Hadoop, mail # general - Transfer blocks from one datanode to another

Adrian 2012-09-06, 09:42
Re: Transfer blocks from one datanode to another
Harsh J 2012-09-06, 13:05

Please do not use the general@ lists for development/usage questions.
This list is meant for project-level discussions alone. Thanks! :)

I've moved this mail to [EMAIL PROTECTED]. When replying,
please instead use this list, going forward.

My reply inline:

On Thu, Sep 6, 2012 at 3:12 PM, Adrian (Xinyu) Liu <[EMAIL PROTECTED]> wrote:
> Hi All,
> Nowadays, I am working with HDFS and implementing some functionalities base on HDFS API.
> As I knew, one specific file is divided into several blocks and distributed into different datanode with certain replication numbers.
> And I want to find out a series of HDFS API which can meet the following requirement:
> 1.       Given a specific filename and related information that already uploaded into the HDFS, retrieve: how many blocks are there,
> each datanode contain which blocks, etc.

This isn't possible to get if you're using simple Public APIs.

The FileSystem#getFileBlockLocations will tell you what hosts are
carrying the blocks of a file (a list of hosts for each block in the
file). See http://hadoop.apache.org/common/docs/current/api/org/apache/hadoop/fs/FileSystem.html#getFileBlockLocations(org.apache.hadoop.fs.Path,%20long,%20long)

For the list of block IDs, you'd have to pull from a DFSClient
instance, which calls the (NameNode-side) ClientProtocol's
getBlockLocations(…) method call. See the interface at

> 2.       Given a specific filename, source datanode, specific block id, destination datanode and related information to transfer the block
> from source node to destination node.

This needs to be done via the DataTransferProtocol, and its specific
method of replaceBlock(…). See the interface at

> I've read several materials and API reference about HDFS and can't find appropriate ones, the objective of this mail is to make sure
> if such  API existed, and if so, what are they (especially the second one, transfer a specific block of a specific file from a certain datanode to another)
> There is a tool called Balancer already existed in HDFS package, I am reading the source code, but it's too intricate to track the line, can anyone help me?
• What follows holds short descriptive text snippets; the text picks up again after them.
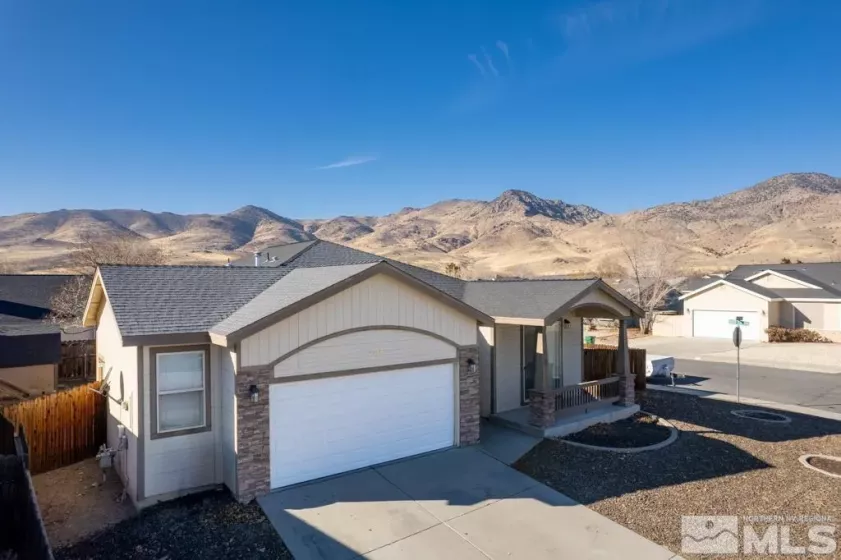 105 Fortune Dr, Dayton, Nevada 89403, 2 Bedrooms Bedrooms, ,2 BathroomsBathrooms,Residential,For Sale,Fortune Dr,240015009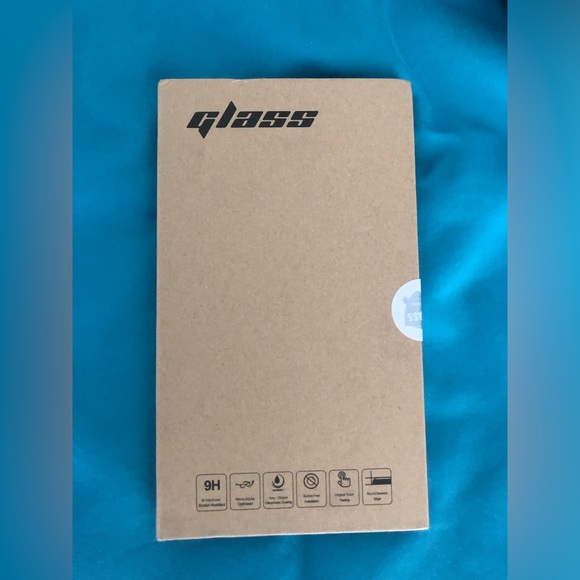 NIB, iPhone 7 silver metallic 3 piece phone case with screen protector. Unopened - Picture 6 of 8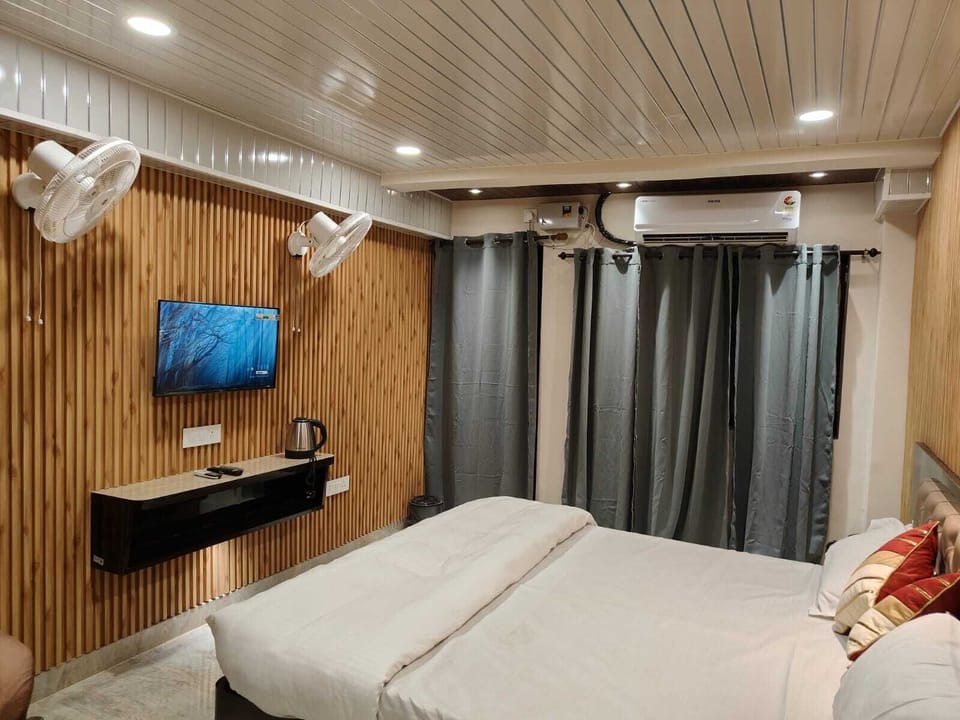 Standard Double Room | Free WiFi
In the Balancer sources, see the final replaceBlock(…) call made at
L376 at http://svn.apache.org/viewvc/hadoop/common/branches/branch-2/hadoop-hdfs-project/hadoop-hdfs/src/main/java/org/apache/hadoop/hdfs/server/balancer/Balancer.java?view=markup,
and then trace backwards from that point to see how its built up till
that point.

Feel free to send across any more questions you have!

Harsh J